Jason Alden/Bloomberg

JPMorgan Chase's acquisition of First Republic Bank earlier this month is bringing "meaningful acceleration" to the banking giant's increasing emphasis on its wealth management business.

That's what Jennifer Piepszak, the co-CEO of consumer and community banking at the Wall Street giant said Monday at the bank's investor day in New York. With its $10.6 billion acquisition of First Republic on May 1, JPMorgan added roughly 200 financial advisors to its ranks of roughly 5,000. It also brought an additional $200 billion in client assets to the $4.3 trillion that JPMorgan oversees in its asset and wealth management division.

JPMorgan has said it has a goal of eventually having at least 6,000 financial advisors. The wealth management industry has become a central concern for the banking giant and many of its competitors, which like the line of business because of the steady fees it generates.

JPMorgan has been at pains since the acquisition to stem the departures of former First Republic advisors leaving to take up positions elsewhere. Marianne Lake, Piepszak's co-CEO, said the outflows have slowed and that JPMorgan is working to provide the remaining former First Republic advisors clarity on their roles.

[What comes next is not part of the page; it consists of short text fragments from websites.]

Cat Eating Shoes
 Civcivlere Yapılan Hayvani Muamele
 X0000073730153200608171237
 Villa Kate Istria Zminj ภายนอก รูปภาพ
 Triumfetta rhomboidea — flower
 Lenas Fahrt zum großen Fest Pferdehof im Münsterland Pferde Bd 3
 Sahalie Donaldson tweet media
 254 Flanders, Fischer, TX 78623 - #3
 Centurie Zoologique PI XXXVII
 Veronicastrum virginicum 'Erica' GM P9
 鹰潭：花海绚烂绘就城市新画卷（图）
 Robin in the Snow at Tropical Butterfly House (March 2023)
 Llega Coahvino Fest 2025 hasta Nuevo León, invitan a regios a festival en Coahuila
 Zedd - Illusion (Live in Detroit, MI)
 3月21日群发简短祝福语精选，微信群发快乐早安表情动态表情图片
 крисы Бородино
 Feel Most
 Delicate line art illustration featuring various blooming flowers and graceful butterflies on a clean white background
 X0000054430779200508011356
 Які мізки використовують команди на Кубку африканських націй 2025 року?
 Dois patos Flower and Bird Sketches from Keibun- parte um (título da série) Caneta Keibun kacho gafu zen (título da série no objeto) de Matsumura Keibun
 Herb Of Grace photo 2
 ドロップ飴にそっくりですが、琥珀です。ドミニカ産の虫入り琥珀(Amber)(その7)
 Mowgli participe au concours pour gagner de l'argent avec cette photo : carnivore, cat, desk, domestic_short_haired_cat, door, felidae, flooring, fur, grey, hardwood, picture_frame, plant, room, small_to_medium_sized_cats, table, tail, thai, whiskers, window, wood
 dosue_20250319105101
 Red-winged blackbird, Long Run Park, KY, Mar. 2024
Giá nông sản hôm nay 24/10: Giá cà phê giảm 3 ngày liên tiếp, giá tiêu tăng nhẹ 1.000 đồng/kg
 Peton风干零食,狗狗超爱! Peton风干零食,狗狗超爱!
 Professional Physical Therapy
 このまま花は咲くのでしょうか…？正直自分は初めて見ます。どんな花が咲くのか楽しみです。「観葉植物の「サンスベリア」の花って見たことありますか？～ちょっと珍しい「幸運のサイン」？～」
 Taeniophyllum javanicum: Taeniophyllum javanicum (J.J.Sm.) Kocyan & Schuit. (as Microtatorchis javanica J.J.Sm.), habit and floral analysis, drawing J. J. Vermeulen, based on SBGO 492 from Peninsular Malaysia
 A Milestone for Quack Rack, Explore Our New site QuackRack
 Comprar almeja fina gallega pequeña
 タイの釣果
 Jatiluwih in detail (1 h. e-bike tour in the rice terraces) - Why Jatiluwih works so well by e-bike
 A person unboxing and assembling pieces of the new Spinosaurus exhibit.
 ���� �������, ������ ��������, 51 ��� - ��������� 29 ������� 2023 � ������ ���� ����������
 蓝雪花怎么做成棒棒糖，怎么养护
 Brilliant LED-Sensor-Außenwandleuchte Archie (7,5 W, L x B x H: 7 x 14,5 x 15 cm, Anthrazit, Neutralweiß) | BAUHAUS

First Republic's private wealth-management business will become part of JPMorgan Advisors, which emerged from the bank's acquisition of the defunct Bear Stearns in 2008. JPMorgan also has plans to turn at least some of the 84 branches it obtained through its purchase of First Republic into so-called private client centers. These would be places specifically set aside for wealthy clients to meet with advisors.

Mary Callahan Erdoes, JPMorgan's CEO of asset and wealth management, said the First Republic acquisition brought expertise in several types of investment vehicles, including active exchange traded funds. Like all ETFs, these funds usually track indexes like the S&P 500. But unlike their passive cousins, active ETFs have a team of managers overseeing and directing their investment transactions.

Read: Merrill names new private wealth head, shuffles execs

Erdoes said the acquisition also brought expertise in separately managed accounts and model portfolios, which are templates that advisors can follow to find the best options for clients with a large variety of different investment goals and financial circumstances.

She maintained that despite the recent departures of some former First Republica advisors, JPMorgan has shown over the years that it can retain top employees.

"Most of them don't leave," she said. "Over 95% stay here until they leave. We invest in them and they invest in us."

Python for everyone
One theme running through almost everything that JPMorgan officials discussed Monday was plans to use technologies like so-called artificial intelligence to make the bank run more efficiently and at a lower cost. Erdoes said all new hires are receiving training in the Python programming language — which can be used to build websites and software — "whether you like it or not." Python is used mainly for data analysis and data visualization and to develop websites and software.

She said the goal is to make sure employees have at least a basic understanding of the technology that will fuel much of what JPMorgan does in the future. The firm is already taking client and other data it has amassed over more than 30 years and feeding it into artifical intelligence and other systems.

"We then match that with the millions of data points we get every single day," Erdoes said. "That's what we say is such a tremendous uplift. And we have only begun to scratch the surface."